Czy Squirting (bo tak nazywany jest kobiecy wytrysk) to mit… podobnie jak jednorożce? Cóż… w sumie nie, choć jest on bardzo trudny do osiągnięcia.
Nie wygląda to tak bosko jak na filmach porno. Nie dojdziecie w ten sposób za pierwszą próbą, może nawet nie za drugą, piątą, czy dziesiątą, ale próbować warto. Wierzcie… naprawdę warto.
Przeczytajcie ten krótki przewodnik i zapamiętajcie jedno… Kobiecy wytrysk nie ma nic wspólnego z oddawaniem moczu! (to nie ta dziurka!)
Polecamy film porno: porno-gwalty.pl/mlode-siostry-zgwalcone-przez-pare-zwyrodnialcow,11289
Najważniejsze zasady: nie spieszyć się, być cierpliwym i nie oczekiwać natychmiastowych efektów, co najważniejsze… sama musisz znaleźć i pobudzić swój punk G, by potem ewentualnie naprowadzić na niego swojego partnera. Tak… punkt G istnieje…
Kroczek po kroczku… Aż do pożądanego efektu…
Zadbaj o namiętny nastrój, upewnij się, że jest Ci bardzo wygodnie, musisz się zrelaksować, więc dopilnuj by nic Cię nie rozpraszało. Daj sobie dużo… dużo czasu. Możesz podłożyć pod siebie ręcznik, nie będziesz wtedy stresować się ewentualnymi zabrudzeniami. Znajdź swój punkt G, delikatnie ją pasuj i stymuluj… słuchaj swojego ciała…
Kiedy uprawiasz seks z partnerem i chcesz spróbować dojść z wytryskiem, najlepsza będzie do tego pozycja na pieska, bądź na jeźdźca…
Przed przystąpieniem do pieszczot, które mają spowodować Squirting dokładnie dowiedzcie się (zarówno Ty jak i Twój partner), gdzie znajduje się Wasz punkt G i w jaki sposób go stymulować. To właśnie dzięki niemu będziecie miały możliwość doznać orgazmu z wytryskiem.

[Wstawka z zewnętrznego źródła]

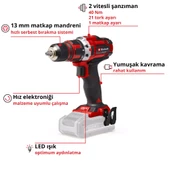 Einhell TE-CD 18/40 Li - Solo, Akülü Vidalama thumbnail 3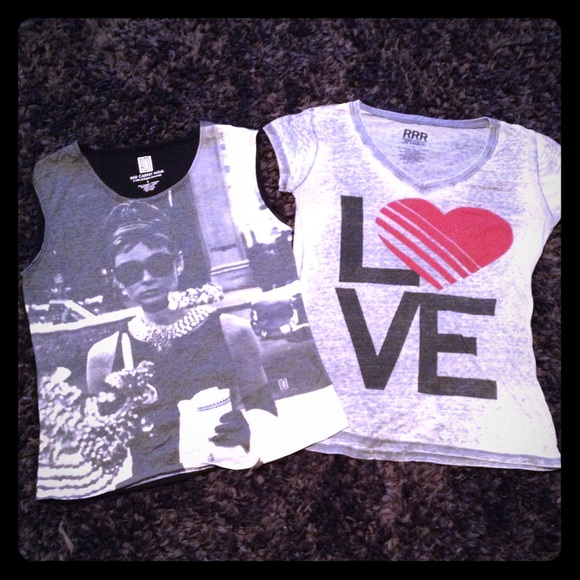 Bundle of grey & black tops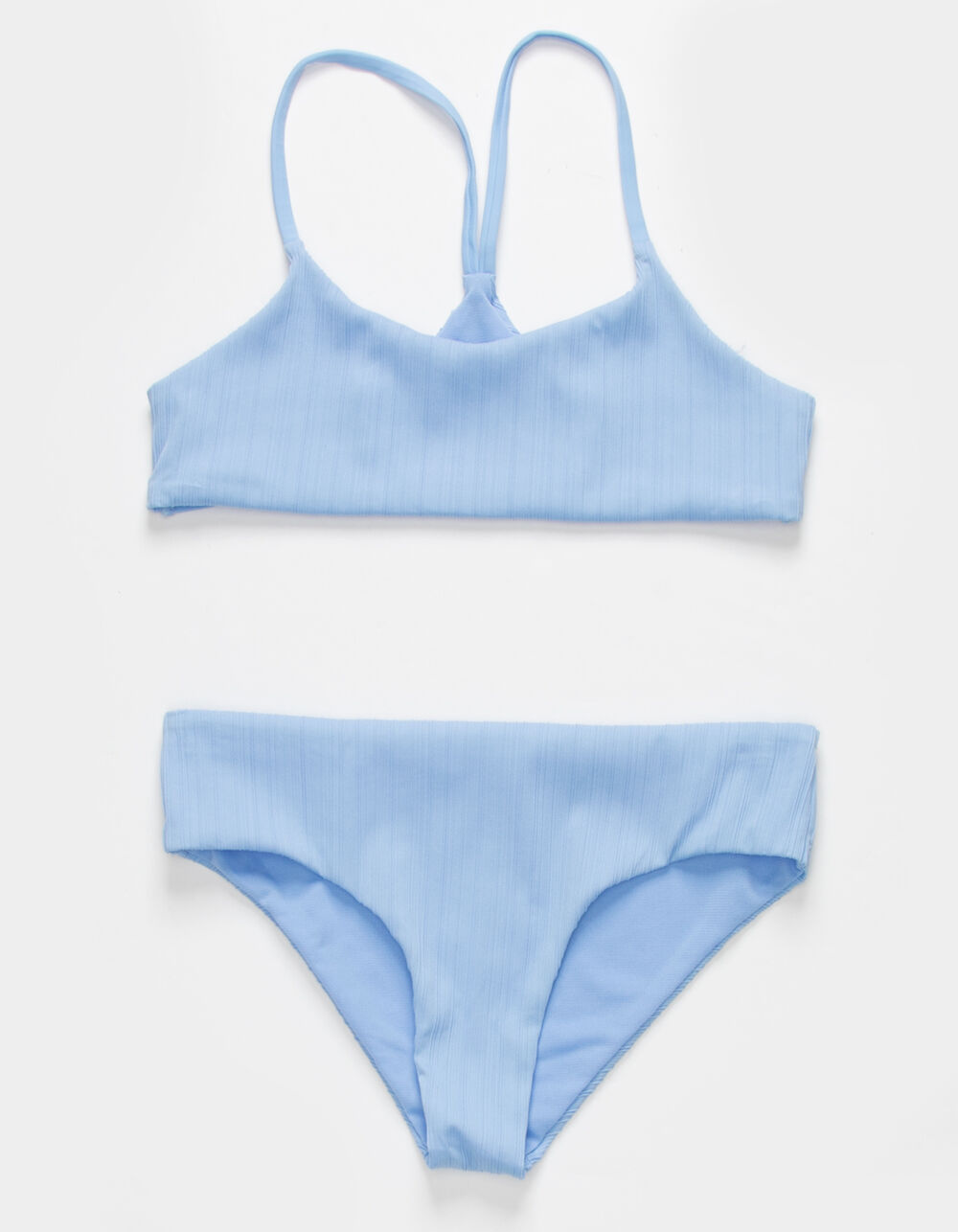 DAMSEL Cage Bralette Girls Bikini Set - BLUE | Tillys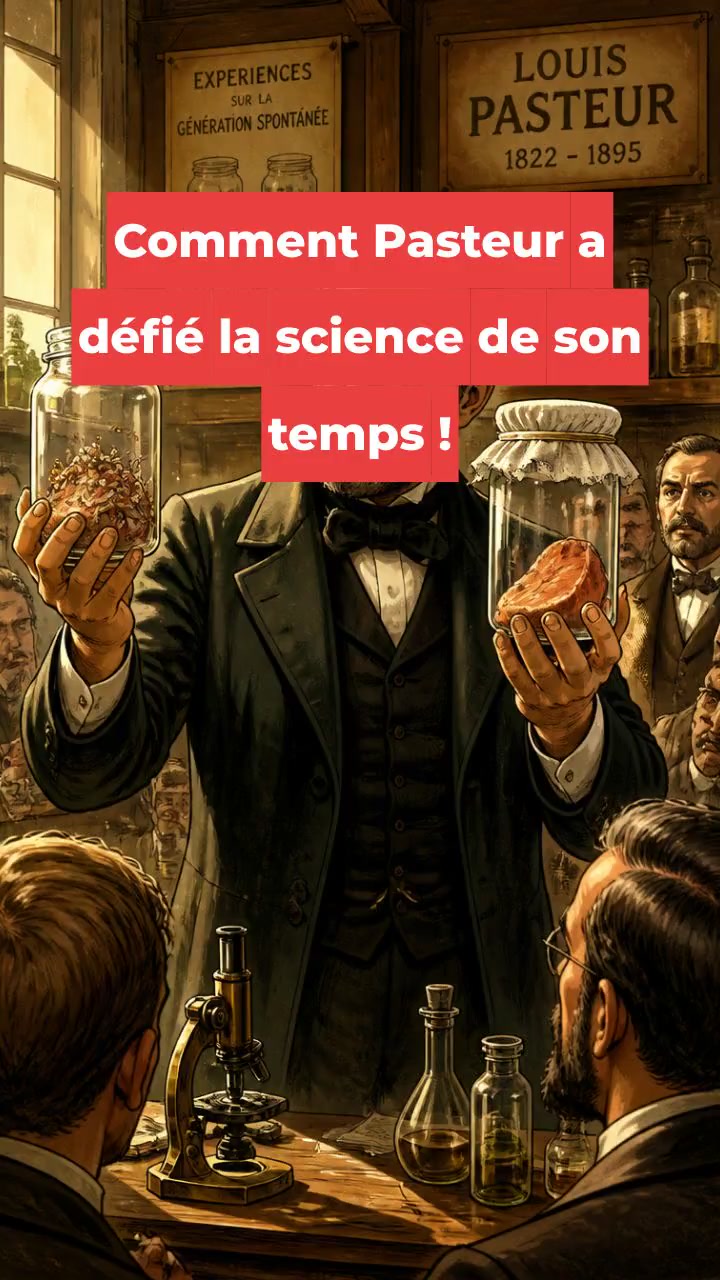 Comment Pasteur a défié la science de son temps !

Niektórzy uważają, że taki „wytrysk” to nic innego jak tylko „popuszczenie moczu”, inni jednak twierdzą, że to orgazm porównywalny do tego męskiego, bo to oddanie płynów z pochwy na skutek ogromnego podniecenia.
W sieci znajdziecie wiele poradników (tylko szukajcie tych konkretnych, ze sprawdzonych stron) co robić by osiągnąć kobiecy orgazm z wytryskiem. Według kobiet, które go przeżyły – a nie jest ich dużo – bo taki orgazm porównywalny jest z ilością przeżywanych przez nas trójkątów albo stosunków analnych… (więc nie dużo, prawda?) – to orgazm, którego nie zapomnicie, którego nigdy wcześniej nie doznałyście, jest to orgazm nie do opisania. Trzeba go przeżyć i będzie chciało się przeżywać za każdym razem. Jednak raz jeszcze – liczy się tutaj stymulacja punktu G – bez tego, ani rusz…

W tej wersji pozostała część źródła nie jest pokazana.